Task: Copy all the records exactly; the complete set is the expected result.

Exercise inputs:

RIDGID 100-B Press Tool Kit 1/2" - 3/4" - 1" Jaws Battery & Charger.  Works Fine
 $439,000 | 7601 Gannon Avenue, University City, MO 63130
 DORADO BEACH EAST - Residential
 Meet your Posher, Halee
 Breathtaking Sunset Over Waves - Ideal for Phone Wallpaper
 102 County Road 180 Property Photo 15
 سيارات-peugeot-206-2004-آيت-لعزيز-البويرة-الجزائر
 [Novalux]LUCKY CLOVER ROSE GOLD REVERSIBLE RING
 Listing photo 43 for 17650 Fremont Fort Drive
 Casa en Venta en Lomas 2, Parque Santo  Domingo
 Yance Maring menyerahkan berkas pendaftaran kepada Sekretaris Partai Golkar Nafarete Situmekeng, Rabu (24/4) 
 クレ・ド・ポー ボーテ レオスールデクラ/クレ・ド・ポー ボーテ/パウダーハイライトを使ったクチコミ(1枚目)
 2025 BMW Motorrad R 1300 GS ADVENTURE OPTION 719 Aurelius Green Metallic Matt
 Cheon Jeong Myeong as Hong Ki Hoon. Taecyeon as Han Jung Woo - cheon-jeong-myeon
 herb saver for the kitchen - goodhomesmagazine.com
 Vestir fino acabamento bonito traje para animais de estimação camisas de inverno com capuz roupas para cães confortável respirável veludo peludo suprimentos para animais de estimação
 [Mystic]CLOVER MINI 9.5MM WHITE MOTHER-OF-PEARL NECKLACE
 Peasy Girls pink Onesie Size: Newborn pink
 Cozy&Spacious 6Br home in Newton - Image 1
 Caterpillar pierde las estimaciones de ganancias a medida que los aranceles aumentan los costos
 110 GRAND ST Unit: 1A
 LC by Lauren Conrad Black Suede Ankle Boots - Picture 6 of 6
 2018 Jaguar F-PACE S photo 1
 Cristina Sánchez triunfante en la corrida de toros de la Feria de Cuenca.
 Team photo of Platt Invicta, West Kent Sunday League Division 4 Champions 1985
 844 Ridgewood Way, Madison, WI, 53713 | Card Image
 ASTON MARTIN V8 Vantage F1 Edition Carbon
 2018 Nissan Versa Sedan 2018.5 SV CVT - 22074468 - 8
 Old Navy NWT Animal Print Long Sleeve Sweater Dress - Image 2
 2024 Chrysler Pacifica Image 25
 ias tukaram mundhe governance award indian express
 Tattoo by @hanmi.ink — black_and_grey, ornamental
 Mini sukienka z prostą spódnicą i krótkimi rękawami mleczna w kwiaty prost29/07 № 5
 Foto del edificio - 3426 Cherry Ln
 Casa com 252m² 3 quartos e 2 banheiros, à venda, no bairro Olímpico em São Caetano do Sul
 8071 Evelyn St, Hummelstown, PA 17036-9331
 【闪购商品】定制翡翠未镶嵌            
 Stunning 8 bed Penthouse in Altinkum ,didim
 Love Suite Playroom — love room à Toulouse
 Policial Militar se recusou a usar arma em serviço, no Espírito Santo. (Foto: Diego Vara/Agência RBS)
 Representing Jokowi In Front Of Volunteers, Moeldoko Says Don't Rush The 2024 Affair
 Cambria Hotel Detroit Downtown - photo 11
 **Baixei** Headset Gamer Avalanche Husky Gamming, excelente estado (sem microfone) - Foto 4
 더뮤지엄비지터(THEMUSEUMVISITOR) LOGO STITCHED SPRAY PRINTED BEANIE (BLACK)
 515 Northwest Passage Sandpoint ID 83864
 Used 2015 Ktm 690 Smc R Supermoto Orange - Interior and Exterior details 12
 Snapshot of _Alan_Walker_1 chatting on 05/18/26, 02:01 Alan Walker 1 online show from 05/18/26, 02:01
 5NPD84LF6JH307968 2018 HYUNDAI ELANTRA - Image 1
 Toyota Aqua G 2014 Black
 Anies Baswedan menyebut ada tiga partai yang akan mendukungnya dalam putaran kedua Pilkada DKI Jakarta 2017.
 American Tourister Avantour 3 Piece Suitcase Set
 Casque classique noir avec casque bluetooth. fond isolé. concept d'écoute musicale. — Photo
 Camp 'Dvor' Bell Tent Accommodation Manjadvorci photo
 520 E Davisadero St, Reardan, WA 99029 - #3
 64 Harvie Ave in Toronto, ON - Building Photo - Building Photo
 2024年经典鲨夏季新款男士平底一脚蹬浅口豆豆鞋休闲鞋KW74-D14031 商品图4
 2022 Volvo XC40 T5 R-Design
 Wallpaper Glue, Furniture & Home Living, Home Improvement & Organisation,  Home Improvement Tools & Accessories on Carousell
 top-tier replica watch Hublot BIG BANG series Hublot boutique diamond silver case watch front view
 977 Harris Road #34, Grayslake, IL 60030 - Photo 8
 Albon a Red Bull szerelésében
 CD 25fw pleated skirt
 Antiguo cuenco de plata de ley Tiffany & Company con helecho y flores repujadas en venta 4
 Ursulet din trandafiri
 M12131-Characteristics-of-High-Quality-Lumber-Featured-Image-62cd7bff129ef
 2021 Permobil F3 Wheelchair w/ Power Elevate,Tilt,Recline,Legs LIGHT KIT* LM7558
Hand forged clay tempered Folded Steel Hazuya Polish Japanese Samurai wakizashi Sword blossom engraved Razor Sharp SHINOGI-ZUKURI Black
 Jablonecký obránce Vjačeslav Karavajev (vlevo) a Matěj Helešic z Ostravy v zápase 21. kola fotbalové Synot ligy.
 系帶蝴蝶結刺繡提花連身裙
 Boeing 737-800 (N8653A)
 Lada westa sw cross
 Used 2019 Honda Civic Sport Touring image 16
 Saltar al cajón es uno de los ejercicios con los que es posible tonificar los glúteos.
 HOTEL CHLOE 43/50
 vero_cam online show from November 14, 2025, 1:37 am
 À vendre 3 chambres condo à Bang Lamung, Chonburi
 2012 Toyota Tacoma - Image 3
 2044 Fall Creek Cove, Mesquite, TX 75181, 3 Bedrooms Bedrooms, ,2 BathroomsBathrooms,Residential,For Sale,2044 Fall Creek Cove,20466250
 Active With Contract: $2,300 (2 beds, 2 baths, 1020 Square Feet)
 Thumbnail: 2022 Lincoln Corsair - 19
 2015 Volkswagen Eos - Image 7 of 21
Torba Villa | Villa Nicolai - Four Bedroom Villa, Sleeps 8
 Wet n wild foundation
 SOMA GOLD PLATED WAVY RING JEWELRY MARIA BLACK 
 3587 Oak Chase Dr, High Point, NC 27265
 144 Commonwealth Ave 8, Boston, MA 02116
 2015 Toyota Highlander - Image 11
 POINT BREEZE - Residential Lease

Exercise output:
RIDGID 100-B Press Tool Kit 1/2" - 3/4" - 1" Jaws Battery & Charger.  Works Fine
 $439,000 | 7601 Gannon Avenue, University City, MO 63130
 DORADO BEACH EAST - Residential
 Meet your Posher, Halee
 Breathtaking Sunset Over Waves - Ideal for Phone Wallpaper
 102 County Road 180 Property Photo 15
 سيارات-peugeot-206-2004-آيت-لعزيز-البويرة-الجزائر
 [Novalux]LUCKY CLOVER ROSE GOLD REVERSIBLE RING
 Listing photo 43 for 17650 Fremont Fort Drive
 Casa en Venta en Lomas 2, Parque Santo  Domingo
 Yance Maring menyerahkan berkas pendaftaran kepada Sekretaris Partai Golkar Nafarete Situmekeng, Rabu (24/4) 
 クレ・ド・ポー ボーテ レオスールデクラ/クレ・ド・ポー ボーテ/パウダーハイライトを使ったクチコミ(1枚目)
 2025 BMW Motorrad R 1300 GS ADVENTURE OPTION 719 Aurelius Green Metallic Matt
 Cheon Jeong Myeong as Hong Ki Hoon. Taecyeon as Han Jung Woo - cheon-jeong-myeon
 herb saver for the kitchen - goodhomesmagazine.com
 Vestir fino acabamento bonito traje para animais de estimação camisas de inverno com capuz roupas para cães confortável respirável veludo peludo suprimentos para animais de estimação
 [Mystic]CLOVER MINI 9.5MM WHITE MOTHER-OF-PEARL NECKLACE
 Peasy Girls pink Onesie Size: Newborn pink
 Cozy&Spacious 6Br home in Newton - Image 1
 Caterpillar pierde las estimaciones de ganancias a medida que los aranceles aumentan los costos
 110 GRAND ST Unit: 1A
 LC by Lauren Conrad Black Suede Ankle Boots - Picture 6 of 6
 2018 Jaguar F-PACE S photo 1
 Cristina Sánchez triunfante en la corrida de toros de la Feria de Cuenca.
 Team photo of Platt Invicta, West Kent Sunday League Division 4 Champions 1985
 844 Ridgewood Way, Madison, WI, 53713 | Card Image
 ASTON MARTIN V8 Vantage F1 Edition Carbon
 2018 Nissan Versa Sedan 2018.5 SV CVT - 22074468 - 8
 Old Navy NWT Animal Print Long Sleeve Sweater Dress - Image 2
 2024 Chrysler Pacifica Image 25
 ias tukaram mundhe governance award indian express
 Tattoo by @hanmi.ink — black_and_grey, ornamental
 Mini sukienka z prostą spódnicą i krótkimi rękawami mleczna w kwiaty prost29/07 № 5
 Foto del edificio - 3426 Cherry Ln
 Casa com 252m² 3 quartos e 2 banheiros, à venda, no bairro Olímpico em São Caetano do Sul
 8071 Evelyn St, Hummelstown, PA 17036-9331
 【闪购商品】定制翡翠未镶嵌            
 Stunning 8 bed Penthouse in Altinkum ,didim
 Love Suite Playroom — love room à Toulouse
 Policial Militar se recusou a usar arma em serviço, no Espírito Santo. (Foto: Diego Vara/Agência RBS)
 Representing Jokowi In Front Of Volunteers, Moeldoko Says Don't Rush The 2024 Affair
 Cambria Hotel Detroit Downtown - photo 11
 **Baixei** Headset Gamer Avalanche Husky Gamming, excelente estado (sem microfone) - Foto 4
 더뮤지엄비지터(THEMUSEUMVISITOR) LOGO STITCHED SPRAY PRINTED BEANIE (BLACK)
 515 Northwest Passage Sandpoint ID 83864
 Used 2015 Ktm 690 Smc R Supermoto Orange - Interior and Exterior details 12
 Snapshot of _Alan_Walker_1 chatting on 05/18/26, 02:01 Alan Walker 1 online show from 05/18/26, 02:01
 5NPD84LF6JH307968 2018 HYUNDAI ELANTRA - Image 1
 Toyota Aqua G 2014 Black
 Anies Baswedan menyebut ada tiga partai yang akan mendukungnya dalam putaran kedua Pilkada DKI Jakarta 2017.
 American Tourister Avantour 3 Piece Suitcase Set
 Casque classique noir avec casque bluetooth. fond isolé. concept d'écoute musicale. — Photo
 Camp 'Dvor' Bell Tent Accommodation Manjadvorci photo
 520 E Davisadero St, Reardan, WA 99029 - #3
 64 Harvie Ave in Toronto, ON - Building Photo - Building Photo
 2024年经典鲨夏季新款男士平底一脚蹬浅口豆豆鞋休闲鞋KW74-D14031 商品图4
 2022 Volvo XC40 T5 R-Design
 Wallpaper Glue, Furniture & Home Living, Home Improvement & Organisation,  Home Improvement Tools & Accessories on Carousell
 top-tier replica watch Hublot BIG BANG series Hublot boutique diamond silver case watch front view
 977 Harris Road #34, Grayslake, IL 60030 - Photo 8
 Albon a Red Bull szerelésében
 CD 25fw pleated skirt
 Antiguo cuenco de plata de ley Tiffany & Company con helecho y flores repujadas en venta 4
 Ursulet din trandafiri
 M12131-Characteristics-of-High-Quality-Lumber-Featured-Image-62cd7bff129ef
 2021 Permobil F3 Wheelchair w/ Power Elevate,Tilt,Recline,Legs LIGHT KIT* LM7558
Hand forged clay tempered Folded Steel Hazuya Polish Japanese Samurai wakizashi Sword blossom engraved Razor Sharp SHINOGI-ZUKURI Black
 Jablonecký obránce Vjačeslav Karavajev (vlevo) a Matěj Helešic z Ostravy v zápase 21. kola fotbalové Synot ligy.
 系帶蝴蝶結刺繡提花連身裙
 Boeing 737-800 (N8653A)
 Lada westa sw cross
 Used 2019 Honda Civic Sport Touring image 16
 Saltar al cajón es uno de los ejercicios con los que es posible tonificar los glúteos.
 HOTEL CHLOE 43/50
 vero_cam online show from November 14, 2025, 1:37 am
 À vendre 3 chambres condo à Bang Lamung, Chonburi
 2012 Toyota Tacoma - Image 3
 2044 Fall Creek Cove, Mesquite, TX 75181, 3 Bedrooms Bedrooms, ,2 BathroomsBathrooms,Residential,For Sale,2044 Fall Creek Cove,20466250
 Active With Contract: $2,300 (2 beds, 2 baths, 1020 Square Feet)
 Thumbnail: 2022 Lincoln Corsair - 19
 2015 Volkswagen Eos - Image 7 of 21
Torba Villa | Villa Nicolai - Four Bedroom Villa, Sleeps 8
 Wet n wild foundation
 SOMA GOLD PLATED WAVY RING JEWELRY MARIA BLACK 
 3587 Oak Chase Dr, High Point, NC 27265
 144 Commonwealth Ave 8, Boston, MA 02116
 2015 Toyota Highlander - Image 11
 POINT BREEZE - Residential Lease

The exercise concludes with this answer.